Chuck ha attraversato tempeste, superato ostacoli, vinto battaglie che avrebbero piegato chiunque. Ha preso a pungi la vita e ha avuto la decenza di restare in piedi, anche quando non era elegante farlo.
Eppure, come spesso accade agli eroi riluttanti, il nemico più ostinato è rimasto sempre lì in attesa: se stesso. Perché puoi cambiare città, letto, amici e bicchieri. Puoi anche convincerti di aver capito tutto. Ma poi resti solo con te stesso e lì non si bluffa. Chuck però ci prova sempre, con ostinazione quasi professionale.

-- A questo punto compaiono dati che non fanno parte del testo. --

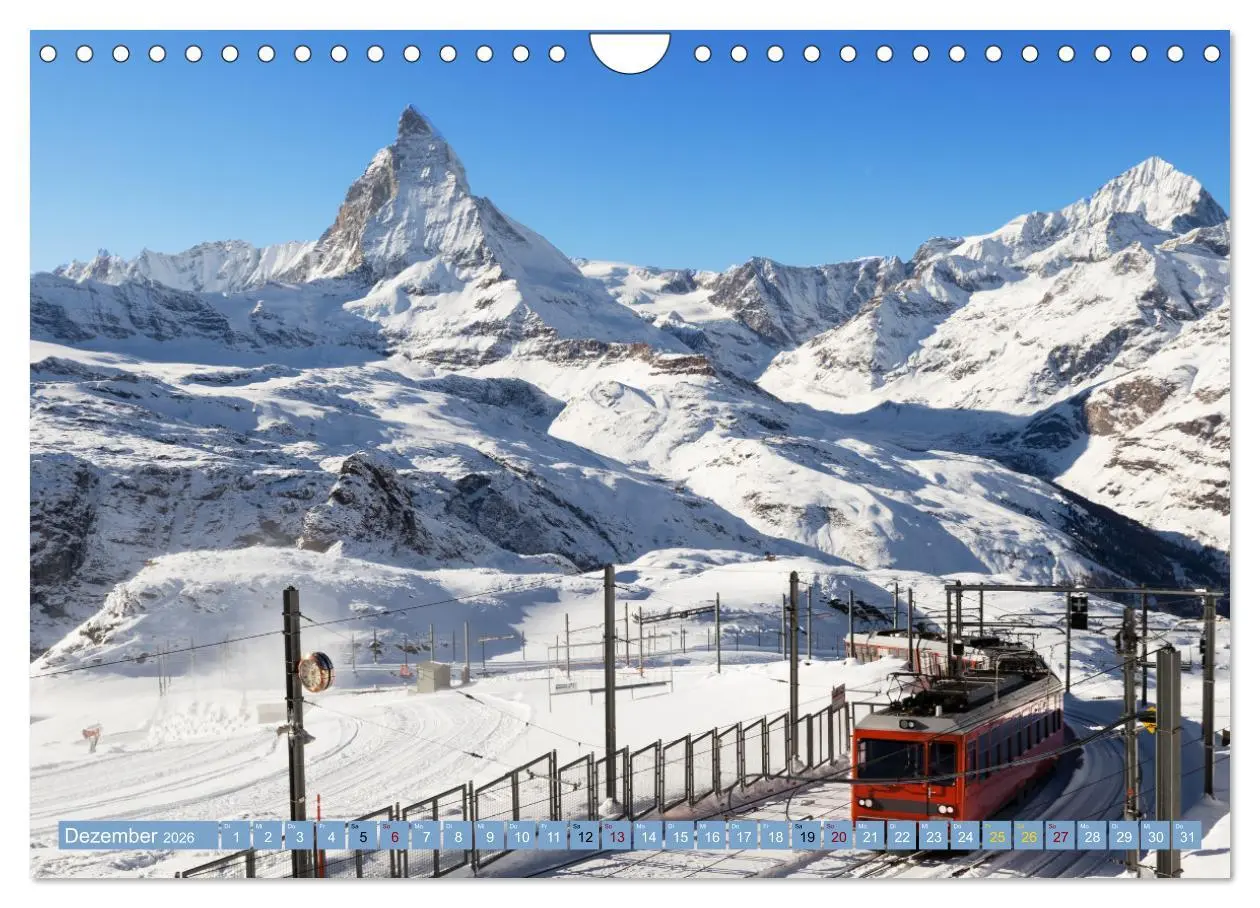 Bild: 9783457375662 | MATTERHORN Impressionen (Wandkalender 2026 DIN A4 quer), CALVENDO...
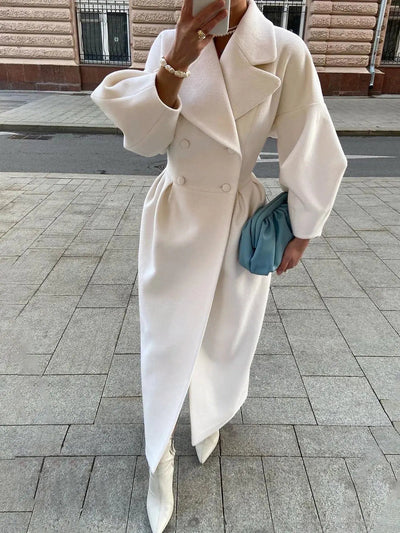 Alina | Eleganter Damenmantel für Winter lang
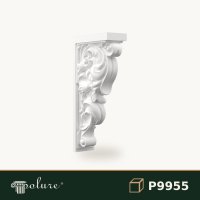 Consolă Decorativă din Poliuretan Sculptată 23x9x46 cm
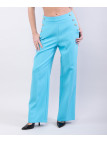 Pantaloni a Palazzo con Bottoni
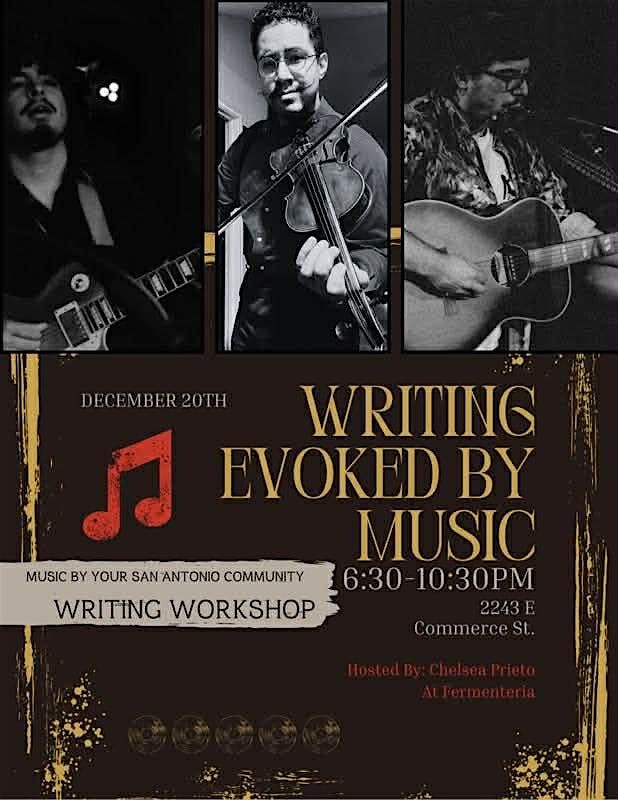 Writing Evoked by Music: A Writing Workshop and Music Showcase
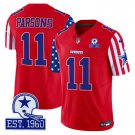 Men's Micah Parsons 11 Cowboys American Style Vapor Limited Red Jersey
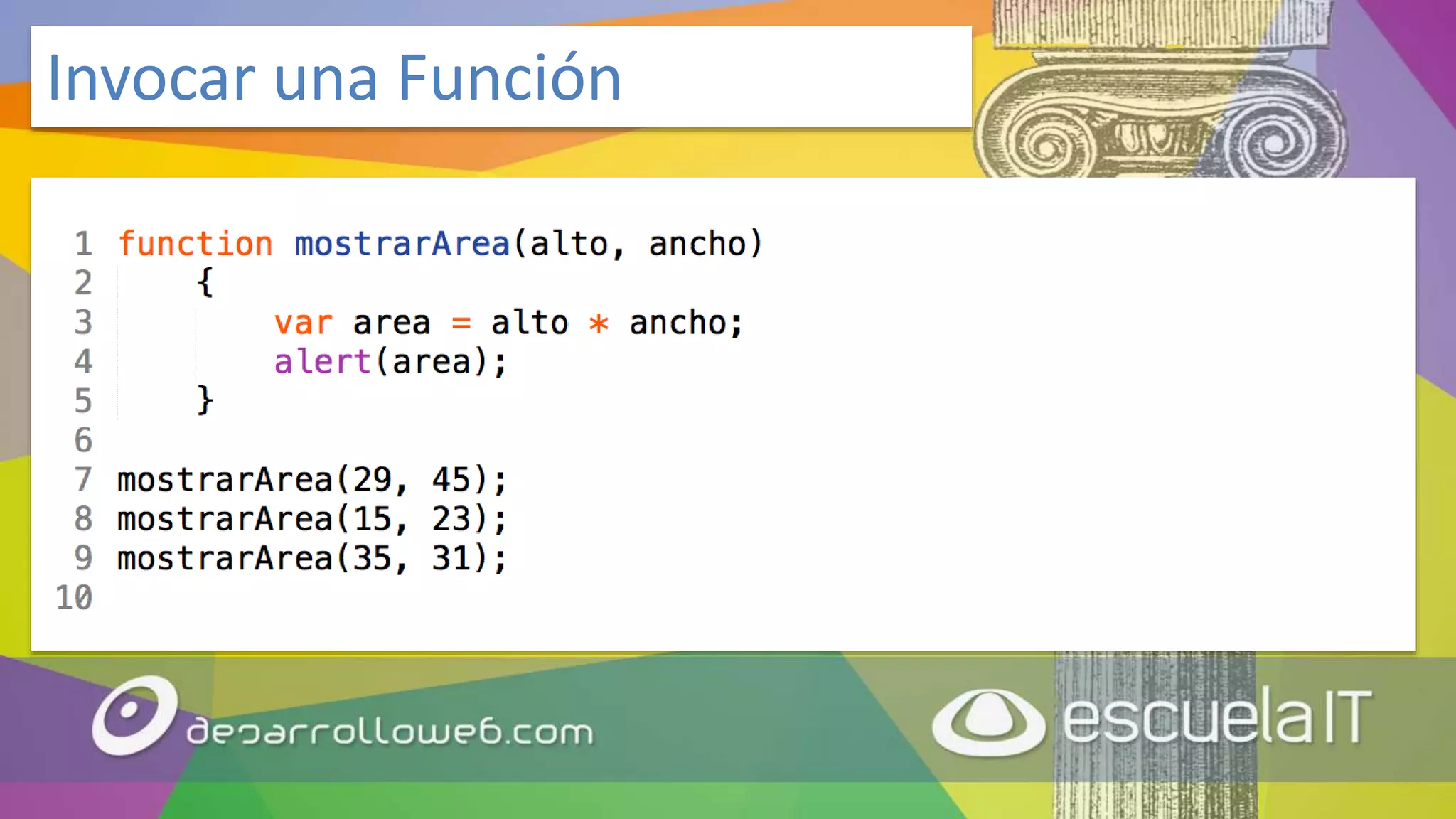 Invocar una Función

Tra personaggi strampalati e irresistibilmente pittoreschi — primo fra tutti Hank, un alcolizzato riflesso della coscienza di Chuck — e sogni lucidi che sfumano nel reale, Chuck ci conduce nel suo mondo: un mondo che sa di notti lunghe, dialoghi storti e verità dette sempre un momento troppo tardi. Un mondo onirico e riflessivo, ma al tempo stesso radicato nella concretezza della vita quotidiana.
Un universo in cui cinismo non è un vezzo intellettuale e non significa solo corazza: è un meccanismo di sopravvivenza, una catena di montaggio emotiva, un prodotto in serie fabbricato con cura artigianale e minuziosa, a partire da ferite, ironia e disillusioni.
Un viaggio esistenziale che oscilla tra malinconia e lucidità, tra cadute e risalite, dentro la fragile e ostinata umanità di un uomo come tanti. Un uomo che non chiede di essere salvato — al massimo di essere lasciato in pace mentre capisce se vale la pena salvarsi da solo.